12. The method of claim 11, wherein the zirconium precursor is any one selected from the group consisting of tetrakis ethyl methyl amino zirconium (Zr[N(C₂H₅)CH₃]₄or TEMAZ), zirconium t-butoxide (Zr(OtBu)₄) and a mixture thereof.

13. The method of claim 7, wherein forming the composite layer further comprises:

forming a second reaction barrier layer on the dielectric layer to prevent a reaction between the dielectric layer and the upper electrode.

14. The method of claim 1, wherein forming the composite layer comprises:

forming the dielectric layer on the lower electrode by an atomic layer deposition (ALD) process; and,

forming the reaction barrier layer on the dielectric layer by an ALD process.

15. The method of claim 1, wherein forming the lower electrode and forming the upper electrode each comprises:

supplying a first reactant including titanium and chlorine into a process chamber containing the substrate using a first flow rate and supplying a second reactant including nitrogen into the process chamber using a second flow rate; and,

supplying the first reactant to the process chamber using a third flow rate that is smaller than the first flow rate, and supplying the second reactant to the process chamber using a fourth flow rate that is larger than the second flow rate.

16. The method of claim 15, wherein the first reactant comprises titanium chloride (TiCl₄) and the second reactant comprises ammonia (NH₃).

17. The method of claim 15, wherein the upper electrode is formed using a processing temperature between about 350 and about 500° C.

18. The method of claim 1, wherein forming the lower electrode and forming the upper electrode each comprises:

supplying a first reactant including titanium and chlorine to a process chamber containing the substrate using a first flow rate, and supplying a second reactant including nitrogen to the process chamber using a second flow rate; and,

interrupting the supply of the first reactant and supplying the second reactant to the process chamber using a third flow rate greater than the second flow rate.

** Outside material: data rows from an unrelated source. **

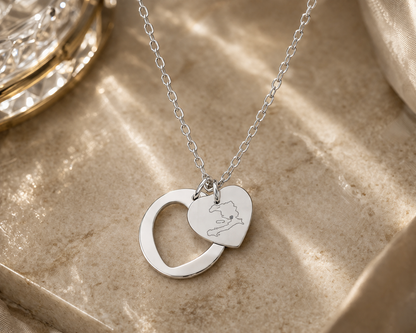 Héritage" Custom Heart Map Necklace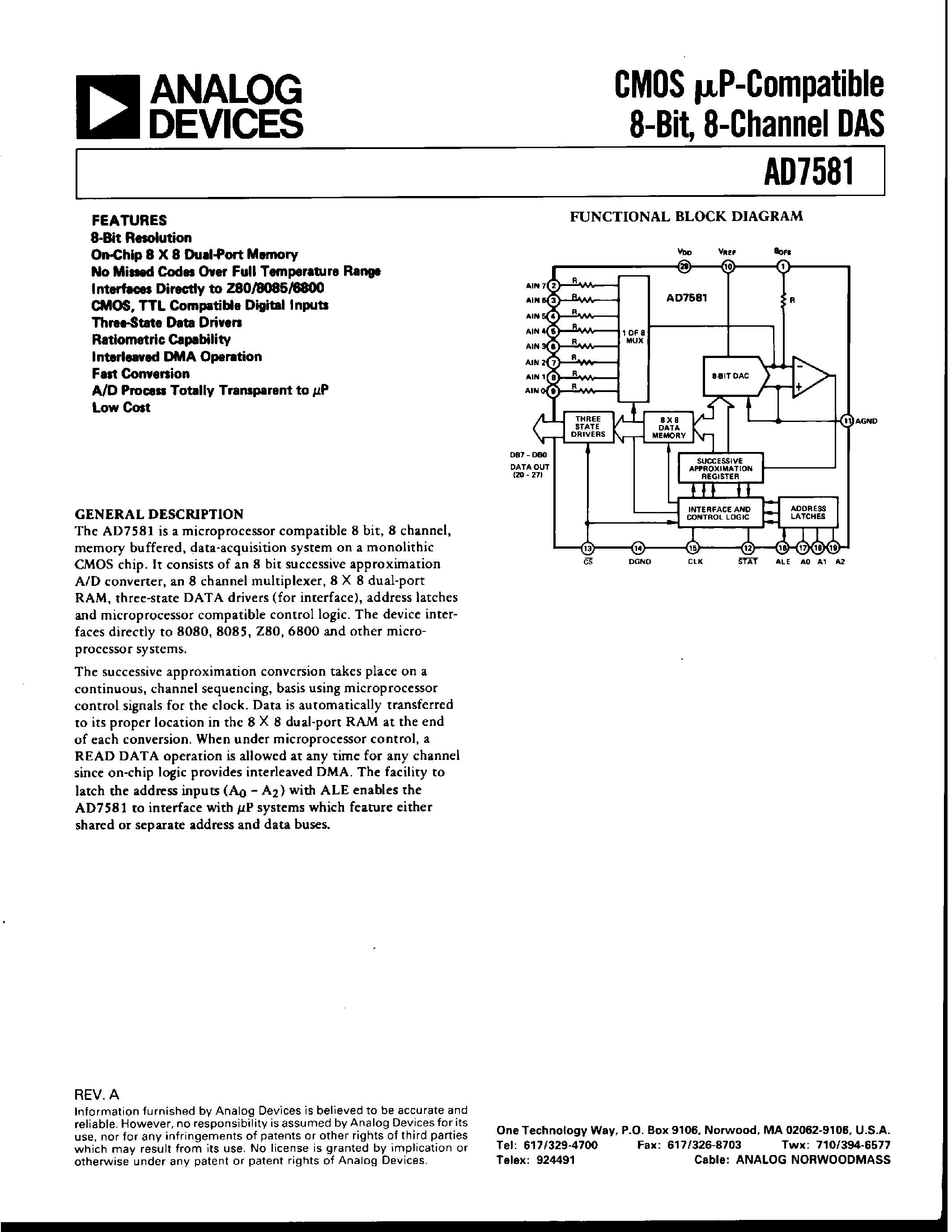 Datasheet AD7581BQ - CMOS uP-COMPATIBLE 8-BIT/ 8-CHANNEL DAS page 1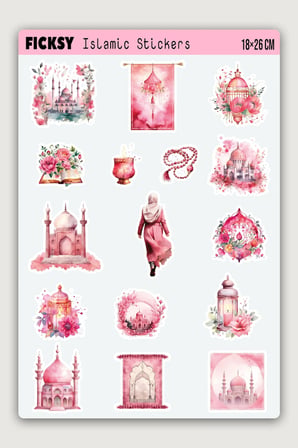 İslam Sticker Seti  - 30 Adet Etiket Çıkartma  - Muslim - Ramazan - Ramadan - Tesettür - Hijab Girl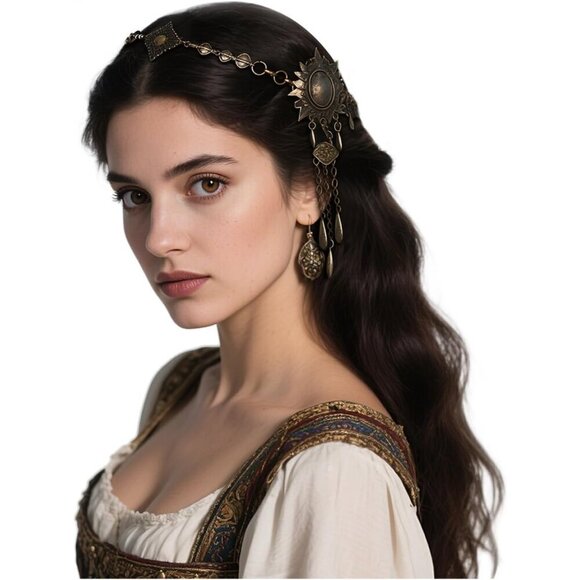 Women Viking Head Chain Jewelry Halloween Cosplay Antique Bronze Fit main image 6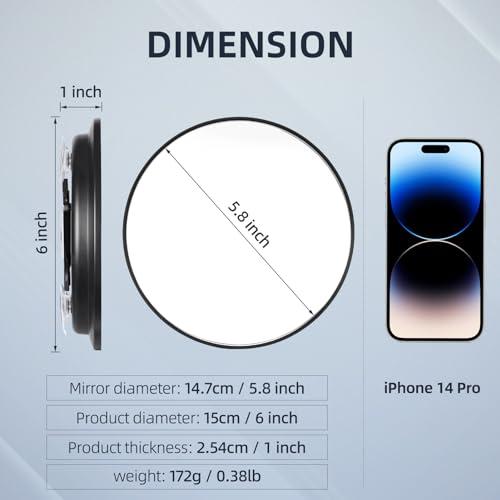 JJhxr 30X Magnifying Mirror, 6 Inch Large Makeup Mirror with 30X Magnification, Compact Makeup Magnifying Mirror, Round Magnifying Mirror with Handle for Travel Mirror, 3 Suction Cups, 360 Adjustable Stand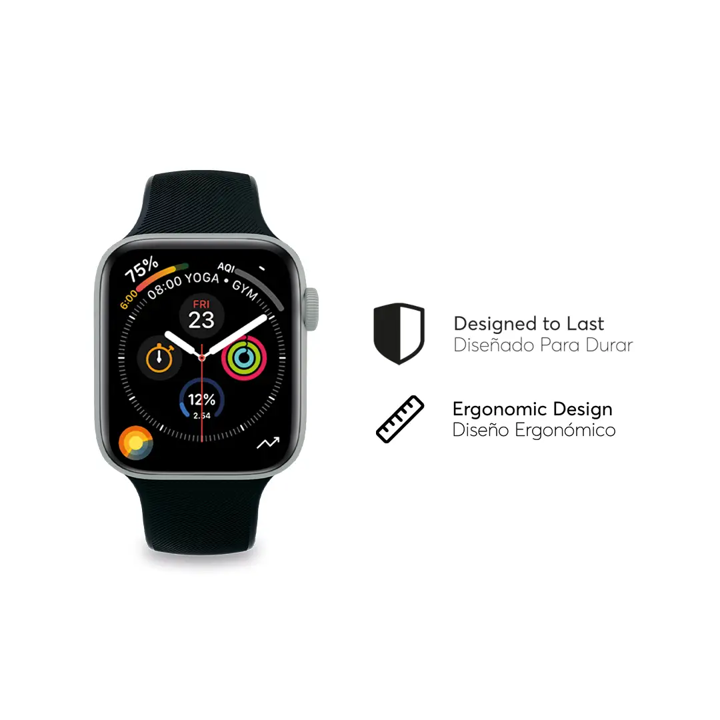 Correa de Silicona NCO ActiveLoop para Apple Watch S7 de 45mm - Negro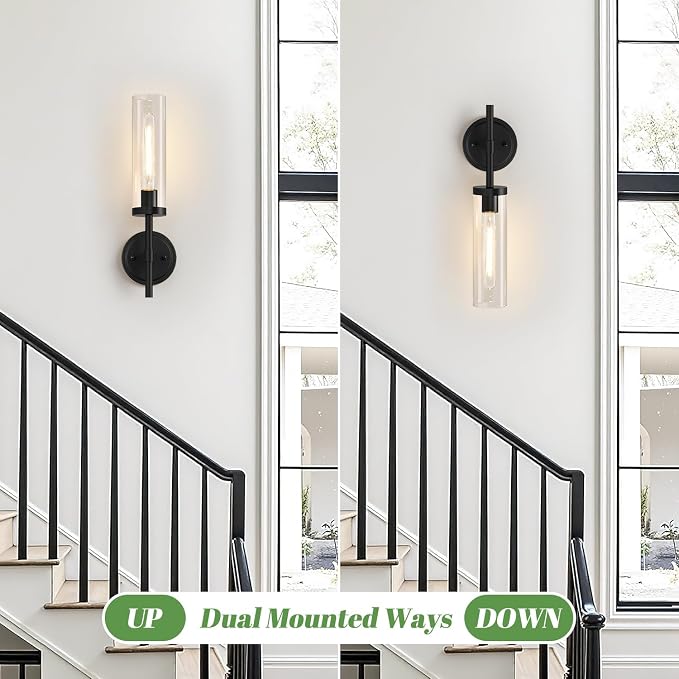 Hardwired Wall Sconces Set of Two, Matte Black Bathroom Sconces with Clear Glass, Modern Wall Light Fixtures for Bathroom Mirror Vanity, Living Room, Bedroom, Hallway, Stairway, Cabinet, Foyer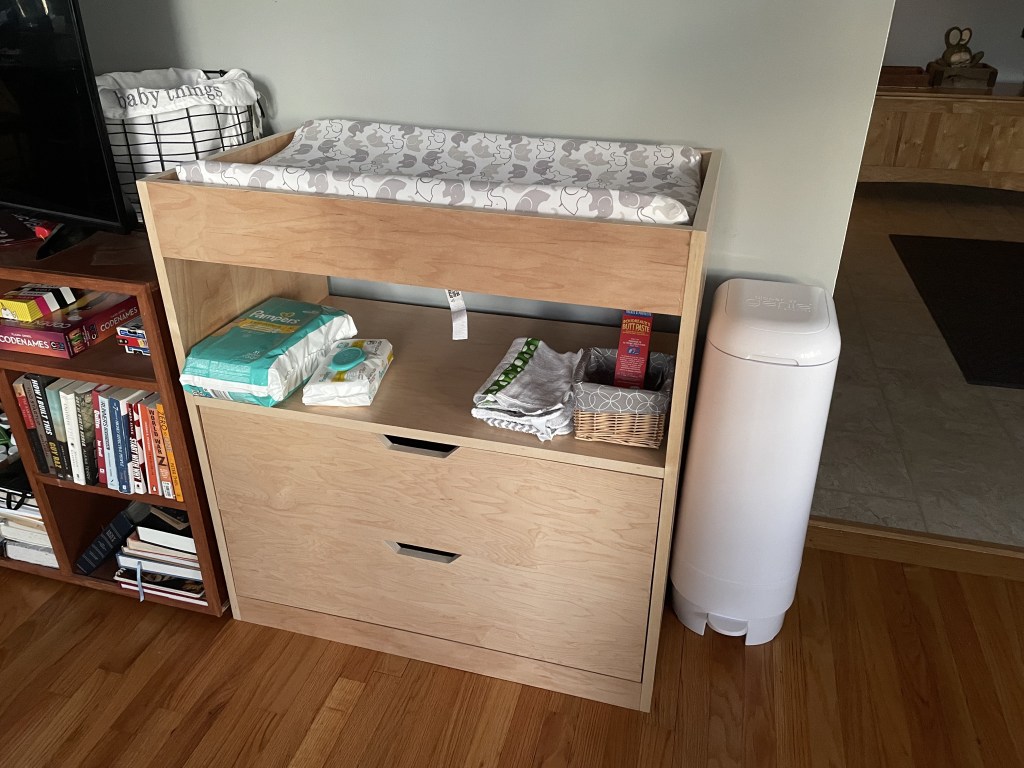 Maple plywood changing table with changing pad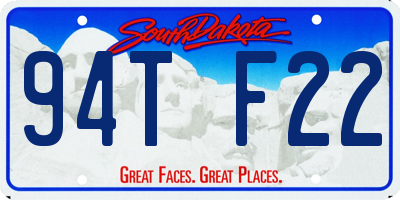 SD license plate 94TF22
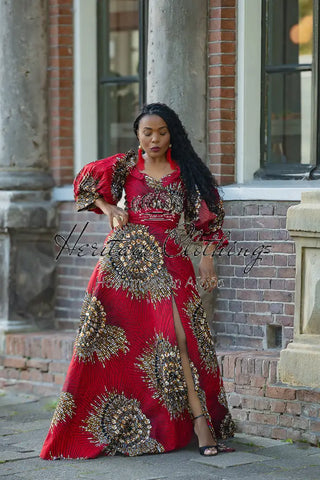 ANAN RED AND BROWN OFF SHOULDER MAXI DRESS Women’s Dress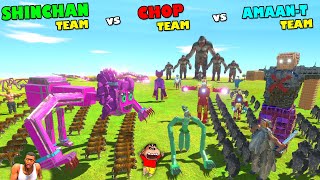 SHINCHAN UPGRADED TEAM vs CHOP TEAM vs AMAAN TEAM in Animal Revolt Battle Simulator | Dinosaur Game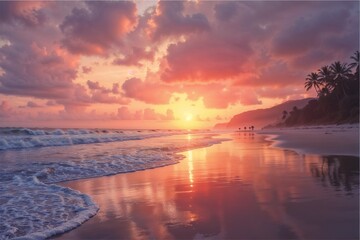 Ocean coast at sunset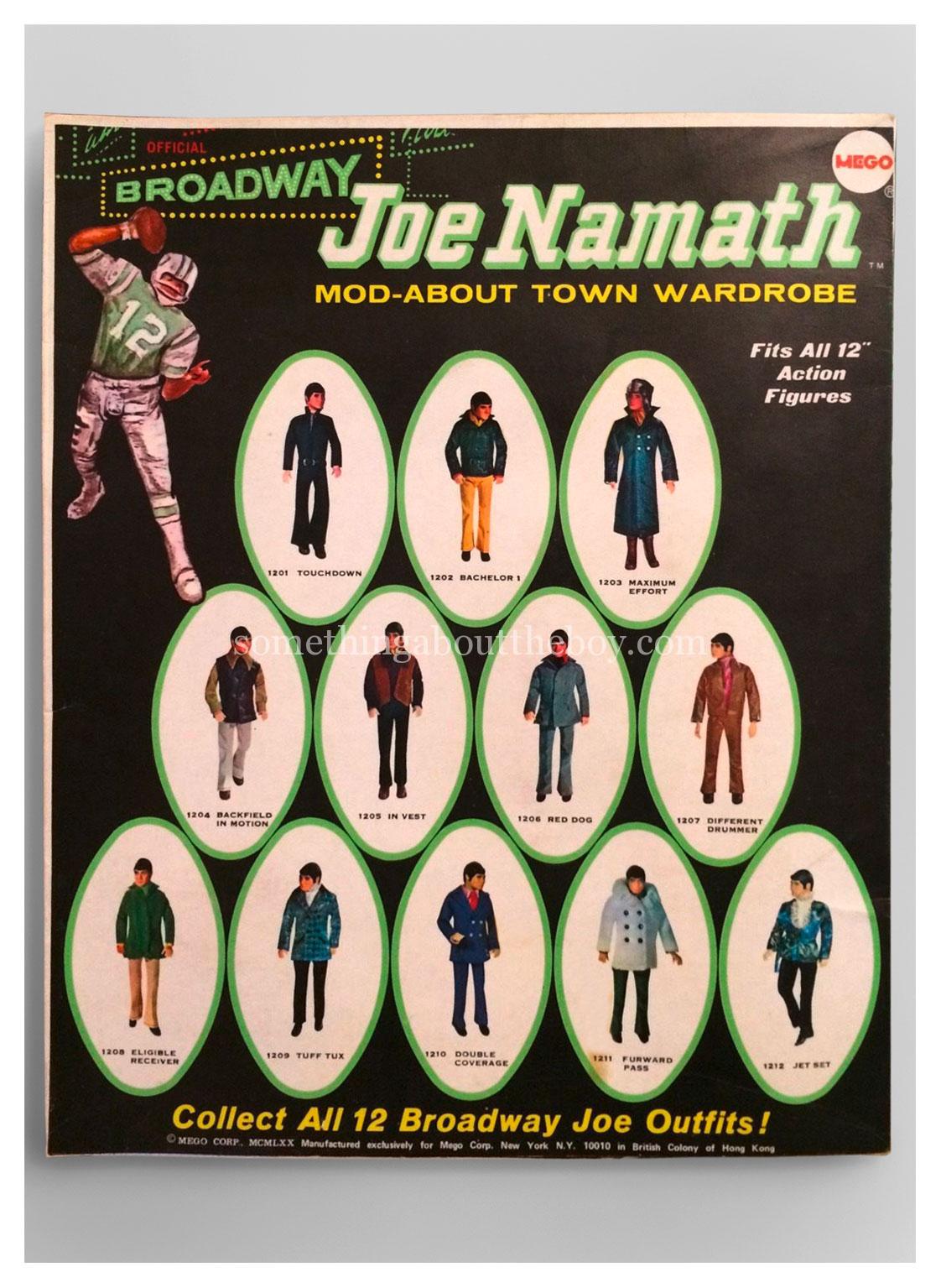 1970 Joe Namath packaging by Mego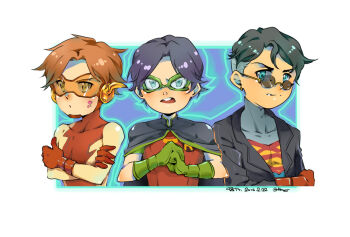 10s 2016 3boys bart_allen black_hair blue_eyes brown_hair cape crossed_arms dated dc_comics domino_mask earrings eye_mask glasses gloves goggles green_gloves impulse jacket jewelry kon-el male_focus mask multiple_boys red_gloves robin_(dc) sunglasses superboy tim_drake undercut yellow_eyes young_justice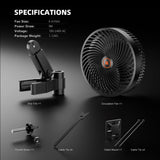 Spider Farmer New Grow Tent Clip Fan 6", EC Motor, Custom 10 Dynamic Wind Speeds and 10-Level Oscillation, Weatherproof IP-54, Powerful Airflow but Quiet for Hydroponics Circulation Cooling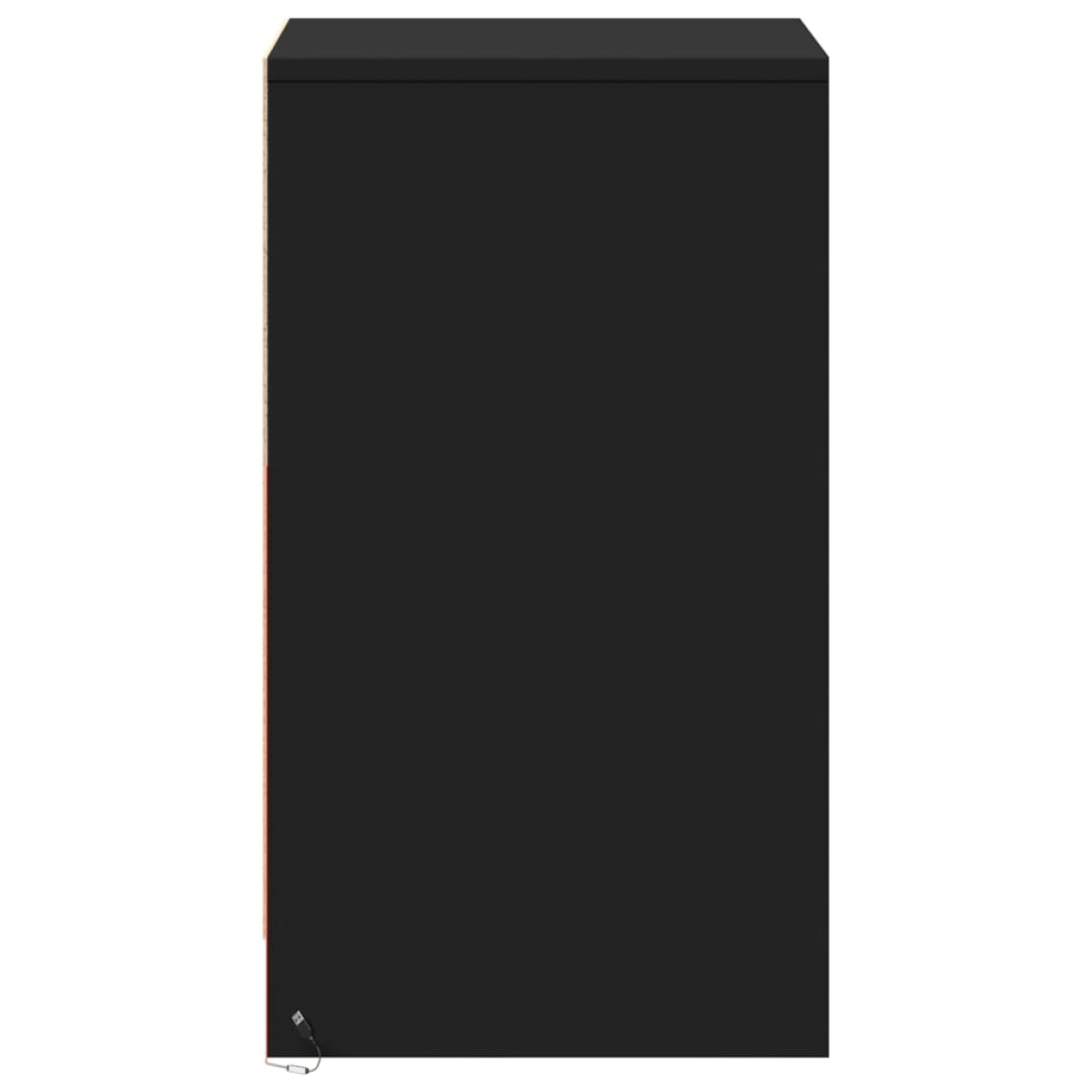 vidaXL Κομοδίνο με Φώτα LED Μαύρο από Επεξεργασμένο Ξύλο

19. The method of claim 18, wherein the first reactant comprises titanium chloride (TiCl₄) and the second reactant comprises ammonia (NH₃).

20. The method of claim 18, wherein the upper electrode is formed using a processing temperature between about 350 and about 500° C.

21. The method of claim 1, further comprising:

forming a transistor comprising a gate structure located on the substrate, and impurity doped regions located in the substrate adjacent to the gate structure;

wherein the lower electrode is electrically connected to one of the impurity doped regions.

22. The method of claim 21, wherein the lower electrode is formed with a cylindrical shape.